As far as paddles... forget the less expensive... usually have weak handles and the most expensive may be over kill for starters. Find one in the middle that you can afford


----------



## solid7 (Dec 31, 2010)

It's just my opinion - but if my wife gave me the gift, I wouldn't worry about whether she got ripped off, or not. Accept the gift, and worry about the cost when you buy the next one for yourself. Is it a good one? I don't know. Just make sure you are wearing it when she sees you on the yak...

I'm a bit negative towards commercialized holidays, (namely all of them) but if you really love the wife, let it be the thought that counts.


----------



## ComeOnFish (Apr 8, 2009)

Spydermn,
Return it. I am saying it very politically incorrectly.

I had and still have one and I never use it again. 

1. The edge is too sharp for bare skin, period. You need to wear a turtle neck shirt to wear that thing to protect your neck. I fish VA and MD. In summer, none wears a turtle neck and an inflatable vest. Trust me. The edge of the inflatable vest will cut your neck in summer. You really need to be a tough or leather neck literally. 

I know one guy who wore in summer for 4 weeks. He never tightened the strap because of the abrasion against his neck. Evntually he never used it again

2. When I tested it in the water, it was rather hard to swim when it is inflated. because the vest is designed in a such way that a person is supposed to be floating, not swimming in one place and lean back until the rescue squat arrives – meaning no air pocket on your back, only on the stomach and chest. For us, we need to be able to swim to get around the kayak and pull ourselves up onto the kayak.

3.	The best one for kayaker is a 12 dollar BassPro vest jacket for me. I can throw away when it smells bad after dunking in the Clorox water more than 10 times. 


Return it. And with the refund, get her something or have a good dinner.

Joe


----------



## smlobx (Jul 3, 2009)

bought this one last year for $100 on sale. The carbon shaft is lightweight and comfortable after several hours on the water

http://www.llbean.com/llb/shop/41488?feat=2-SR0&attrValue_0=White


----------



## bbcroaker (Jan 6, 2005)

I like the Xtrasport PFD's


----------



## Excalibur (Oct 27, 2004)

For a paddle, I got an AquaBound 'second' from REI's bargain outlet.
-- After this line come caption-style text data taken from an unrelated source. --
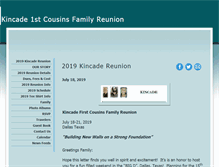 Tablet Screenshot of kincadefirstcousins.myevent.com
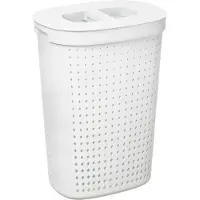 PLAST TEAM Seoul Oval Laundry Basket, White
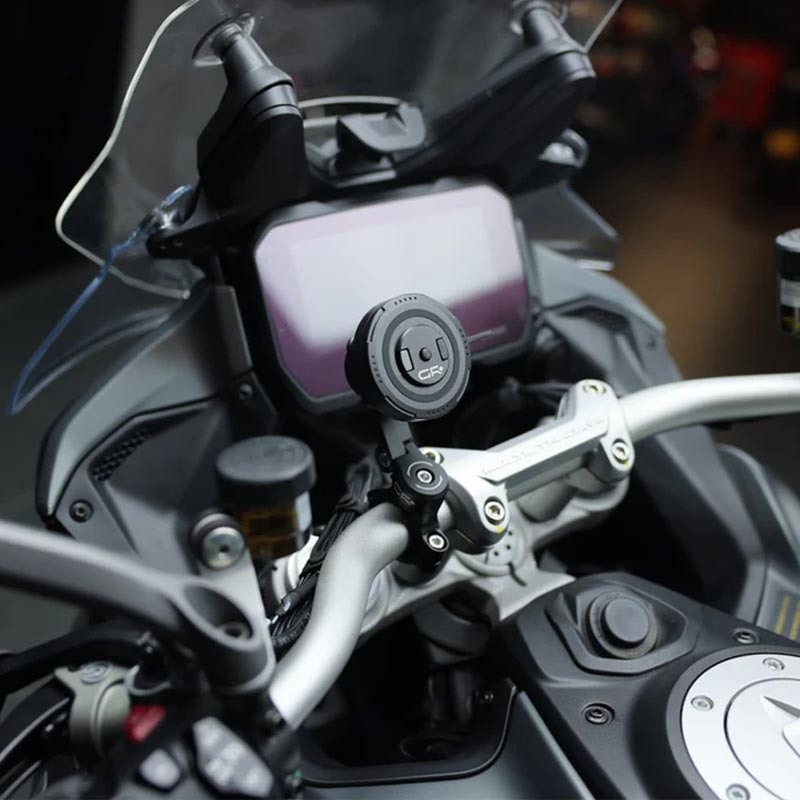 Držač za telefon za volan motocikla s podesivim krakom GRxplore MT11 crni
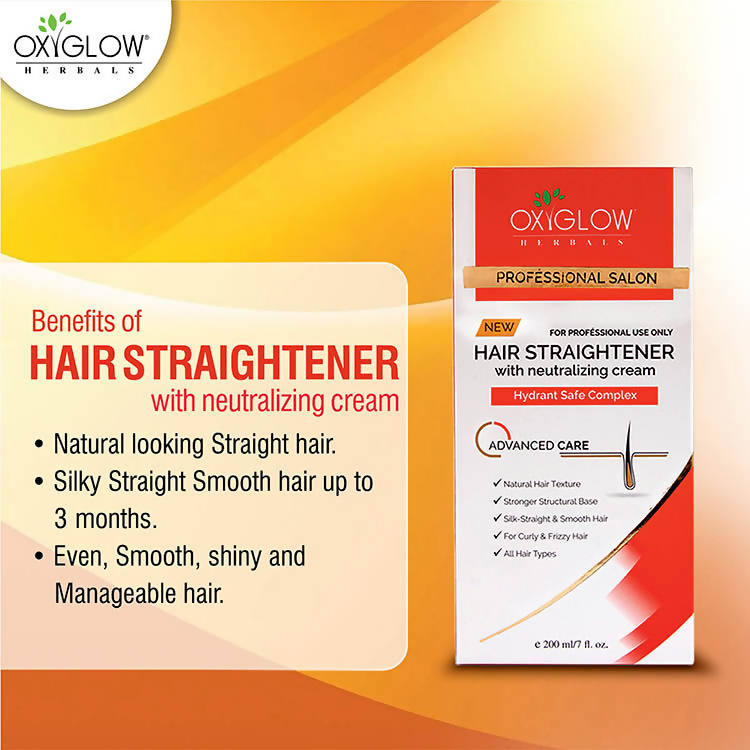 Oxyglow Herbals Professional Hair Straightener And Neutralizer Cream
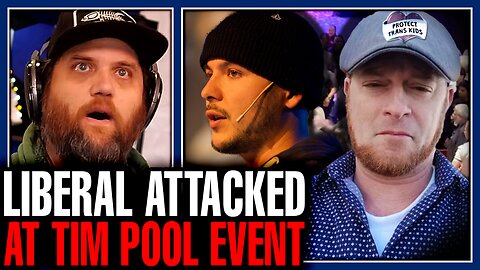 Tim Pool Event CHAOS As Liberal Gets Smacked By Crowd Member & Turns Out Guy Is VERY Suspect!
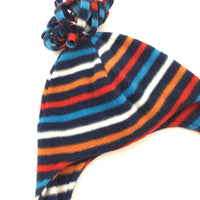 Blue, Red & Orange Stripe Hat - Boys 0-3 Months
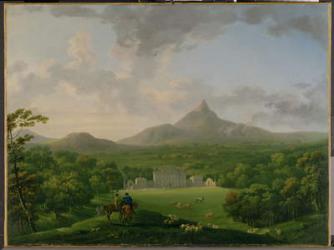 View of Powerscourt, County Wicklow, c.1760-2 (oil on canvas) | Obraz na stenu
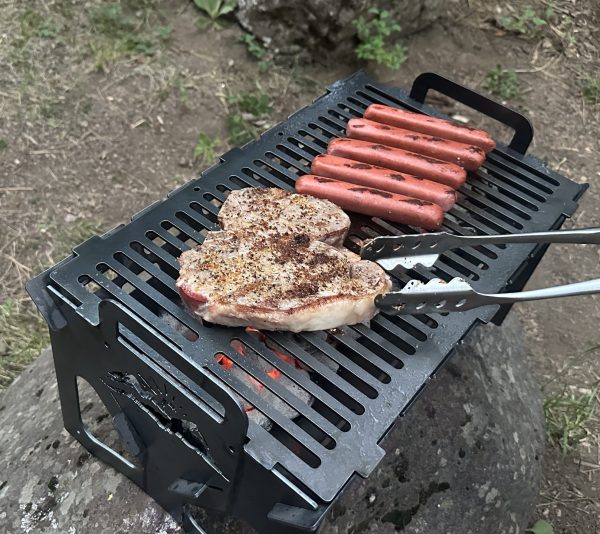 "Flat Pack Grill" - Portable Collapsible Grill for Camping - Image 12
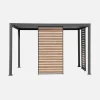 Persiana de aluminio efecto madera de 1.3m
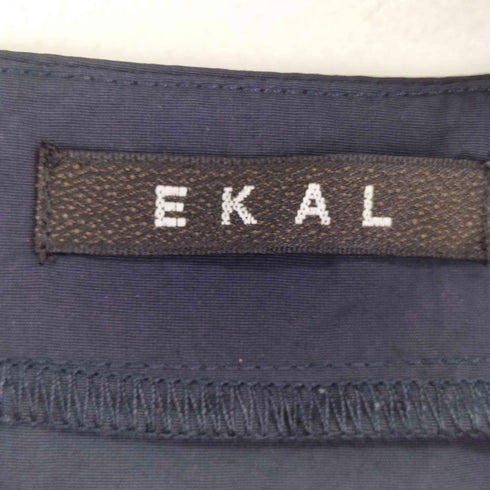 エカル EKAL ナイロンショルダージップワンピース レディース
They say that all of the seconds are physically sound but may have imperfections like torn stickers or stickers applied crooked. To date, I've never found the imperfection on my paddle. Ran me about $50 and it's comfortable to use all day.


----------



## WNCRick (Sep 24, 2007)

I'm not familiar with the product; however, I am familiar with caring loved ones. Wear that darned thing till you wear it out, and make sure she see's you doing it. That is a damned thoughtful gift. Make her know that by wearing it. Life is short, show her you appreciate the thought.(JMO)
Rick


----------